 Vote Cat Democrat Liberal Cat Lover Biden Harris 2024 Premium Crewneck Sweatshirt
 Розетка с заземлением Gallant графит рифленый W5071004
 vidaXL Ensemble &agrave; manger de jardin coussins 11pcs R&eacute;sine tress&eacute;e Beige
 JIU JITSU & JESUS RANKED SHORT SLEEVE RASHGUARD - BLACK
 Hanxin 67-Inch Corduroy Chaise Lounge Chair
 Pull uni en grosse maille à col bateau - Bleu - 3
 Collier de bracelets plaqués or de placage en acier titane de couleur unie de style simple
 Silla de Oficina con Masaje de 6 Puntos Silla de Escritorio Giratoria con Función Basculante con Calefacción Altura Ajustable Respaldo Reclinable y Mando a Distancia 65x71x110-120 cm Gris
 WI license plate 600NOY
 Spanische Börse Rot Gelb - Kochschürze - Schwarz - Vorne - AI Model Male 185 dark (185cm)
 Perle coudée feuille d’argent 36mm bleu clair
---------------
- **WHAT IS REQUIRED**: Each line must be given again exactly as written above.

- **EXERCISE RESULT**:
 Vote Cat Democrat Liberal Cat Lover Biden Harris 2024 Premium Crewneck Sweatshirt
 Розетка с заземлением Gallant графит рифленый W5071004
 vidaXL Ensemble &agrave; manger de jardin coussins 11pcs R&eacute;sine tress&eacute;e Beige
 JIU JITSU & JESUS RANKED SHORT SLEEVE RASHGUARD - BLACK
 Hanxin 67-Inch Corduroy Chaise Lounge Chair
 Pull uni en grosse maille à col bateau - Bleu - 3
 Collier de bracelets plaqués or de placage en acier titane de couleur unie de style simple
 Silla de Oficina con Masaje de 6 Puntos Silla de Escritorio Giratoria con Función Basculante con Calefacción Altura Ajustable Respaldo Reclinable y Mando a Distancia 65x71x110-120 cm Gris
 WI license plate 600NOY
 Spanische Börse Rot Gelb - Kochschürze - Schwarz - Vorne - AI Model Male 185 dark (185cm)
 Perle coudée feuille d’argent 36mm bleu clair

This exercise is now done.